Thus far, we have not considered the frequency distribution of the spectrum of light scattered from a viscoelastic body. Frequency shifts of incident light rays occur as a result of their interaction with normal vibrational modes. Thus, a standing acoustic wave may be decomposed into two oppositely directed waves of equal intensity and frequency. Density maxima will therefore be traveling with the velocity of sound, and the frequency of the light wave will be Doppler shifted, according to

ν = ± (ν - dν)

yielding two infinitely sharp lines in the resulting spectrum at (ν + dν) and (ν - dν). This frequency shift, first introduced by Brillouin, is commonly referred to as the Brillouin doublet and is observed in the spectrum of light scattered from all liquids.
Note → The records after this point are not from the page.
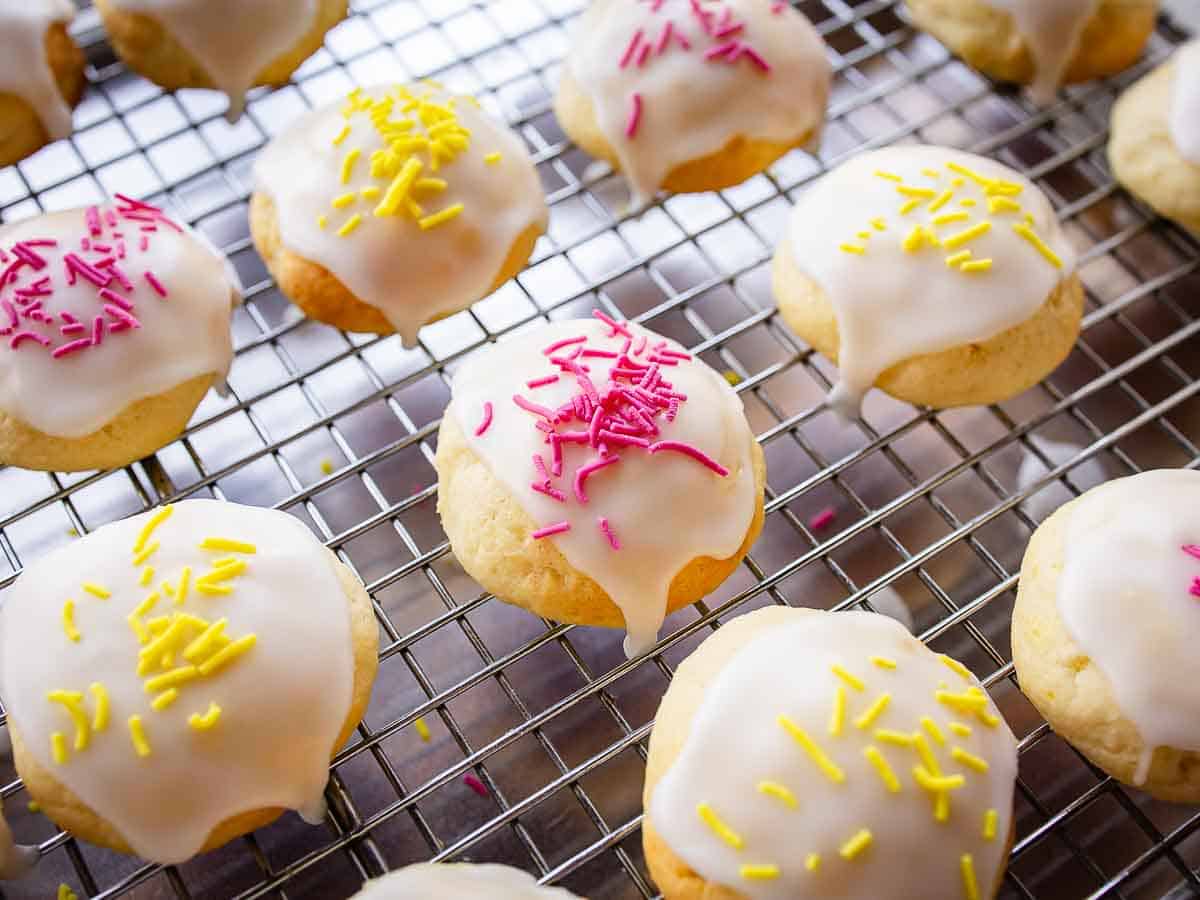 Overhead close up of cookies with glaze and nonpareils.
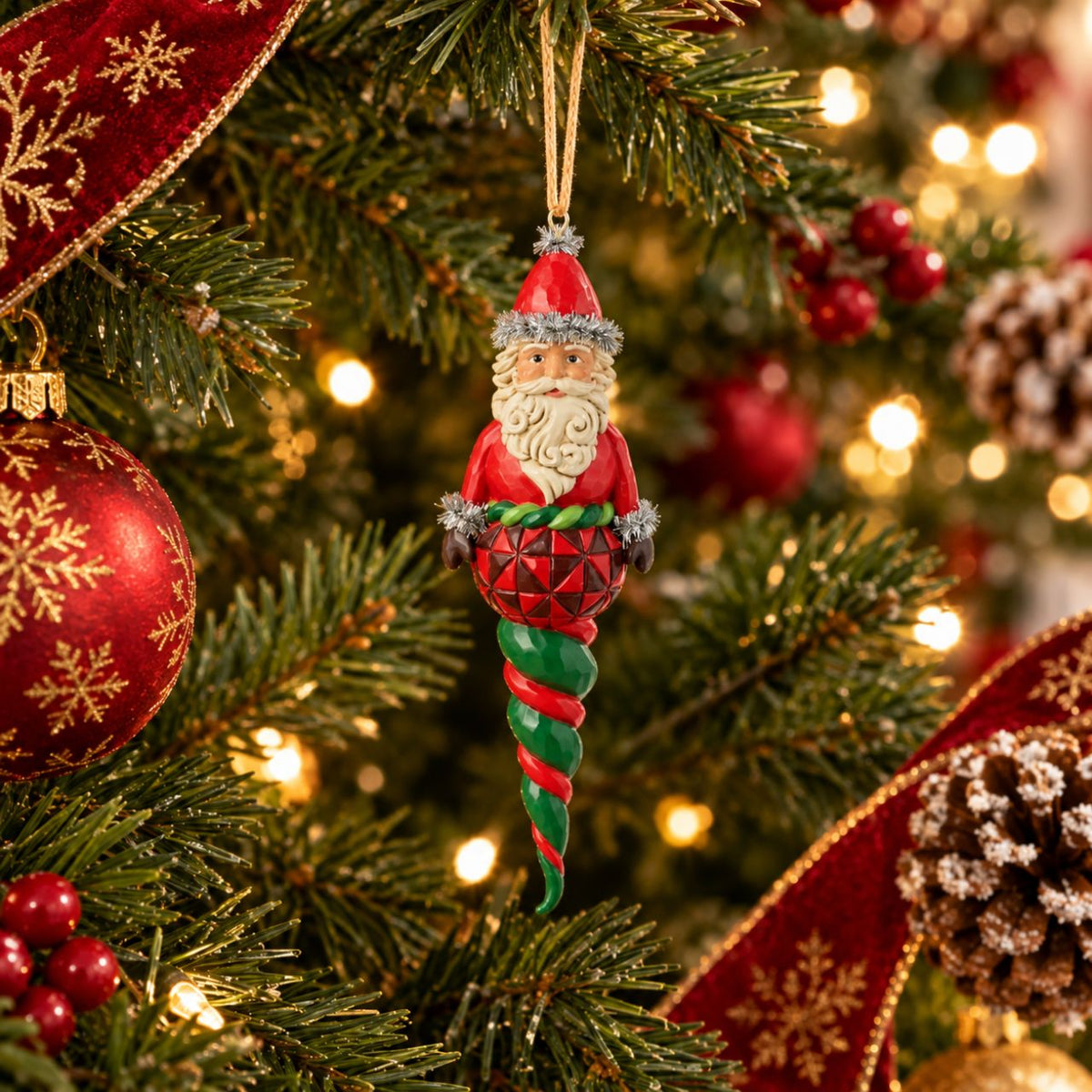 Celebrate the magic of Christmas with the Heartwood Creek Santa Finial by Jim Shore. This meticulously crafted piece captures the warmth and nostalgia of the holiday season, featuring Santa Claus in a classic pose.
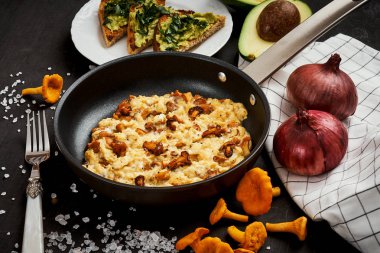 çırpılmış yumurta ile chanterelles düz gelen pan ve avokado ile ekmek ormanda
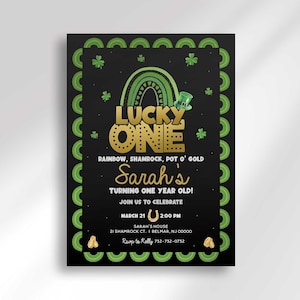 "Lucky One" St. Patrick's Day themed first birthday invitation on a black background, with a shamrock-patterned border, a green and white rainbow with a pot of gold and leprechaun hat, and gold "LUCKY ONE" title text with the tagline "Rainbow, Shamrock, Pot O' Gold." Text reads "Sarah's turning one year old! Join us to celebrate," the party date, time, address, and RSVP phone number.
This doublet arises from the interaction of the light rays with the "mechanical" component of the thermal motion. Furthermore, the spectral width of the Brillouin doublets gives the lifetime of the sound wave, and thus the sound absorption coefficient. [23]

Alternatively, the light scattered at constant pressure (the "thermal" component) is not shifted in frequency but is instead broadened somewhat as a result of the dissipative processes which damp out these fluctuations. [24] [25] This feature of the spectrum of light scattered quasi-elastically from thermal fluctuations in a liquid was first observed by Gross and subsequently by Benedek, et al. at MIT with their "self-beat" method of spectrometry near the critical point. [26] [27] Debye gave the theory for the width of the central component in binary liquid mixtures, and Alpert, Yeh and Lipworth gave the first measurements of the width of this central component in a liquid mixture near the critical mixing temperature. [28] [29] Landau and Plazcek suggested that the width of the central line in the spectrum, which is broadened due to thermal dissipative processes, is determined by the size and lifetime of the density fluctuation which is responsible for the line. [30]

[edit] Critical phenomena

Until the study of strontium titanate, pre-transition phenomena associated with second-order structural phase transitions appeared satisfactorily described by the "soft-mode" concept (see Phase transformations in solids). In this description, a force constant for a lattice wave decreases with temperature, with the frequency of the normal vibrational mode approaching zero at the critical point. High-resolution scattering, however, has shown that pre-transition phenomena in solids is more complex. A central phonon peak occurs between the Brillouin doublet and diverges as the temperature approaches a transition point, Tc. A variety of mechanisms have now been proposed for this result. [31]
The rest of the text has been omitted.